───── Records provided ─────

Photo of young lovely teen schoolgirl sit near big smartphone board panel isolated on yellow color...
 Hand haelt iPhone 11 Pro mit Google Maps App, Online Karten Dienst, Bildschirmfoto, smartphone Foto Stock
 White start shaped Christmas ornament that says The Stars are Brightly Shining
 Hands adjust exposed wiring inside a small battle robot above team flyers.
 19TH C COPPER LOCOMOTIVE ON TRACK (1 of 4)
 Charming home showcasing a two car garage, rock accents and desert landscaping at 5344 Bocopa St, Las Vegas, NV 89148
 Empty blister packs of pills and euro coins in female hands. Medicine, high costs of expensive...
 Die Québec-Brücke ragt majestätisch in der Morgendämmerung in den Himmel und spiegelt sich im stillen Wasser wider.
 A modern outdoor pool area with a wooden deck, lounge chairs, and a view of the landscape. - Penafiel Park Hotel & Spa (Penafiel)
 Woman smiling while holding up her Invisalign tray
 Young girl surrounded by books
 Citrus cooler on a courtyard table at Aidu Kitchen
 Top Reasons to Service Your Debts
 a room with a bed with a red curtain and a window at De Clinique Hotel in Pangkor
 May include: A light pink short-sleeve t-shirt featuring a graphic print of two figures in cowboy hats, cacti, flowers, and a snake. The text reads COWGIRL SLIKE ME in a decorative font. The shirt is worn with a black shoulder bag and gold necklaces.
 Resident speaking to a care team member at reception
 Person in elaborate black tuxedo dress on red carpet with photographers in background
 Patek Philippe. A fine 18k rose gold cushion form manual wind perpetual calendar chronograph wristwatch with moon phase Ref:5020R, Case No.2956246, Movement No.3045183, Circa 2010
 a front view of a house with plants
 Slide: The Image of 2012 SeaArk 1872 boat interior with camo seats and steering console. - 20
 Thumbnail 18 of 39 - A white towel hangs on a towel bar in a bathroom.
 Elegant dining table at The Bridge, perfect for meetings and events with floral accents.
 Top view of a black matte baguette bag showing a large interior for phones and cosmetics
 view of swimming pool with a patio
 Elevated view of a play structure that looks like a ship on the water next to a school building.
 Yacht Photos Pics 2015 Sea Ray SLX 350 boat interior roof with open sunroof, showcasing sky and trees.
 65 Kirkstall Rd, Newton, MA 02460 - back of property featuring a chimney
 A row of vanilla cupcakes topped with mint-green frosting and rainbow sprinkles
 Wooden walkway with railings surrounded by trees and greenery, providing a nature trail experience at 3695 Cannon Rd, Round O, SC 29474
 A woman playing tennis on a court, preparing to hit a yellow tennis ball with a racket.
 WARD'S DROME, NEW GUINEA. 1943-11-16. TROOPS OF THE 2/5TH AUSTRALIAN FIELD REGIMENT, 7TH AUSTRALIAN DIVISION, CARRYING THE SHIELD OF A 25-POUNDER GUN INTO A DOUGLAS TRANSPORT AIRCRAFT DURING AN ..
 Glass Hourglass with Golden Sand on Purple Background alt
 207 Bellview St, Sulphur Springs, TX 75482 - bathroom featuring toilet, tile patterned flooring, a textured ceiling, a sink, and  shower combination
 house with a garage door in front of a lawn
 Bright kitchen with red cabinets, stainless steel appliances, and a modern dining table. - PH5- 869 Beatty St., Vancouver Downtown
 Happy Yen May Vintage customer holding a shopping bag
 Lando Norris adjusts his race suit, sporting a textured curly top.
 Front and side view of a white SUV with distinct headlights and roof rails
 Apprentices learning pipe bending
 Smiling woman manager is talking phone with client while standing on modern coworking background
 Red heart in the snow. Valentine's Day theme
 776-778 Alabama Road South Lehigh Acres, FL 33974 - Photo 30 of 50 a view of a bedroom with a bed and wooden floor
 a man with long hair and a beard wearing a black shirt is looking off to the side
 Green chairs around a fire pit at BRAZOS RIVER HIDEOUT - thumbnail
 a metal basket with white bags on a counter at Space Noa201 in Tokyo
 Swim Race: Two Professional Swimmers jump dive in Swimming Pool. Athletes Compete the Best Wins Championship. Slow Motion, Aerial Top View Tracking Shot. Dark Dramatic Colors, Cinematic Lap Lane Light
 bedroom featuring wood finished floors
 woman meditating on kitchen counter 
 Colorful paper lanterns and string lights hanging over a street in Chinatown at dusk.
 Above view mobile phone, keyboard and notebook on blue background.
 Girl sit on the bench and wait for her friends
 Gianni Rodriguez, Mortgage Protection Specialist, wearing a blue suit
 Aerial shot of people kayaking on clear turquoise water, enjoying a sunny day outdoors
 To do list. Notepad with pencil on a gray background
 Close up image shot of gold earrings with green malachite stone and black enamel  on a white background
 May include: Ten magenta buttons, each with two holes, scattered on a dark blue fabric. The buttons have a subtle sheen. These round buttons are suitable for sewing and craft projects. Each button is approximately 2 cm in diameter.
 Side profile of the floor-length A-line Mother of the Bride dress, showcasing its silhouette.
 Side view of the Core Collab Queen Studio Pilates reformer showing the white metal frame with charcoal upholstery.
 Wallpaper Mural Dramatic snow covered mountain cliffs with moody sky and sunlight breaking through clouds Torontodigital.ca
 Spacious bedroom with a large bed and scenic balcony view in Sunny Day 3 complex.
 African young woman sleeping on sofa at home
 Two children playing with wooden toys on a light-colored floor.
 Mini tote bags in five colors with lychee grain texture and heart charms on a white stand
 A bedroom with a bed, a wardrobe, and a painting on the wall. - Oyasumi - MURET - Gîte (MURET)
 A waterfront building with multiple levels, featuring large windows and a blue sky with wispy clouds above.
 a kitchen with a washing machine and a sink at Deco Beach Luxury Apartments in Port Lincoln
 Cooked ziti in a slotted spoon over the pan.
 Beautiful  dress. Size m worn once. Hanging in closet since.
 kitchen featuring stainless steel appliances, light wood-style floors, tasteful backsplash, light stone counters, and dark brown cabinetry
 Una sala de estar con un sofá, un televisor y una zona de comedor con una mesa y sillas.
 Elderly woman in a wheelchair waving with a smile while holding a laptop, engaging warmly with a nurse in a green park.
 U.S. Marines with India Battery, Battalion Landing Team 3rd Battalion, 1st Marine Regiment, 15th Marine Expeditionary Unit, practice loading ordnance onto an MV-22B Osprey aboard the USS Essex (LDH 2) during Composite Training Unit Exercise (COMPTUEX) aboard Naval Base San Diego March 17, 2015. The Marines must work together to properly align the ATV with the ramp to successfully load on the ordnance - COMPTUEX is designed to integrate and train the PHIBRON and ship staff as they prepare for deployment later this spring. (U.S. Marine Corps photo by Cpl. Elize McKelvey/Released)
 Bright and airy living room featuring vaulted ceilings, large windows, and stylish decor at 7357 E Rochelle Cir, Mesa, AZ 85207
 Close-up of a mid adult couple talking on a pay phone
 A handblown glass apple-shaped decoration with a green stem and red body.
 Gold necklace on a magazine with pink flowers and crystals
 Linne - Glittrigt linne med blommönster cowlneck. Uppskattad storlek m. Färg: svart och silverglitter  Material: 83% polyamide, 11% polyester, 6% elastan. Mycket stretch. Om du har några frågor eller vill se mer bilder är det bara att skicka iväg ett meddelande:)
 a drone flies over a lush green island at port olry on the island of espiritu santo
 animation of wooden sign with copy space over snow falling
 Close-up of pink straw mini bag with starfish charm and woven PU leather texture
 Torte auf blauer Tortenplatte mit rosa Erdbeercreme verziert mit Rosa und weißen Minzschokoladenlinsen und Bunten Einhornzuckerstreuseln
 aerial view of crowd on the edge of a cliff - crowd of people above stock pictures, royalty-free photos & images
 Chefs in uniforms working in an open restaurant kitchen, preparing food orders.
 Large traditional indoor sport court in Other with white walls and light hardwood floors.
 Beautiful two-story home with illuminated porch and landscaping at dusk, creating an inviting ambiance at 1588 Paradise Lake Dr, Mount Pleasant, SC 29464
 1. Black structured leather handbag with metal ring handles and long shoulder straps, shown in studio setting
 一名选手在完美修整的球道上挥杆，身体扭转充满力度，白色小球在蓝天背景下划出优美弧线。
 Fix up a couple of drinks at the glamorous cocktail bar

─────

== Exercise aim ==
Filter the records above down to the lines that hold the string "yellow".

== Response to this task ==
Photo of young lovely teen schoolgirl sit near big smartphone board panel isolated on yellow color...
 A woman playing tennis on a court, preparing to hit a yellow tennis ball with a racket.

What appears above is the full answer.